Exercise prompt
For the entries below, print exactly the lines between the line holding "Eye Mask with" and the line holding "Supreme Hardwood Ham", inclusive, and nothing else.
Given information below:
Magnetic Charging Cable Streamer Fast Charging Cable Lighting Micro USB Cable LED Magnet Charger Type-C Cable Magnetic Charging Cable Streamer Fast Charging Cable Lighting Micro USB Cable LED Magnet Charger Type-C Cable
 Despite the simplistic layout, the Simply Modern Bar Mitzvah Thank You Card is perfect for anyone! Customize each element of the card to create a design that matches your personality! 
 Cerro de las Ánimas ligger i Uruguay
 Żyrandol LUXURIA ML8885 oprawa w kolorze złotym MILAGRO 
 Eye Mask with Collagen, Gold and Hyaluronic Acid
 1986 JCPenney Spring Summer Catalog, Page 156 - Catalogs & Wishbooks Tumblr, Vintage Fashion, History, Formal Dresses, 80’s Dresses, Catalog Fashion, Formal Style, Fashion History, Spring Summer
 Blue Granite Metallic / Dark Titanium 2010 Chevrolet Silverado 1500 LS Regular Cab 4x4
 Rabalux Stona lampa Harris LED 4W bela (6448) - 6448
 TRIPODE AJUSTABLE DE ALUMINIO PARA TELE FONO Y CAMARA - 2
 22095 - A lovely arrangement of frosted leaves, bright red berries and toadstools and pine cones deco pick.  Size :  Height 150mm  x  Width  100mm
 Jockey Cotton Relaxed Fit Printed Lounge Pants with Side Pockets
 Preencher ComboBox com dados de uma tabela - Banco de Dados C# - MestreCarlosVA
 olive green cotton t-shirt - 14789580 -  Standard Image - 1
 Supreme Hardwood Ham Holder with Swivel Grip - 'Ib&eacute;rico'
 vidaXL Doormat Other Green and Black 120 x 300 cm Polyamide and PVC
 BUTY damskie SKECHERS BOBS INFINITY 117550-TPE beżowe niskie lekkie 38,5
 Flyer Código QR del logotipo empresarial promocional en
End of Given information.
Result for this exercise
 Eye Mask with Collagen, Gold and Hyaluronic Acid
 1986 JCPenney Spring Summer Catalog, Page 156 - Catalogs & Wishbooks Tumblr, Vintage Fashion, History, Formal Dresses, 80’s Dresses, Catalog Fashion, Formal Style, Fashion History, Spring Summer
 Blue Granite Metallic / Dark Titanium 2010 Chevrolet Silverado 1500 LS Regular Cab 4x4
 Rabalux Stona lampa Harris LED 4W bela (6448) - 6448
 TRIPODE AJUSTABLE DE ALUMINIO PARA TELE FONO Y CAMARA - 2
 22095 - A lovely arrangement of frosted leaves, bright red berries and toadstools and pine cones deco pick.  Size :  Height 150mm  x  Width  100mm
 Jockey Cotton Relaxed Fit Printed Lounge Pants with Side Pockets
 Preencher ComboBox com dados de uma tabela - Banco de Dados C# - MestreCarlosVA
 olive green cotton t-shirt - 14789580 -  Standard Image - 1
 Supreme Hardwood Ham Holder with Swivel Grip - 'Ib&eacute;rico'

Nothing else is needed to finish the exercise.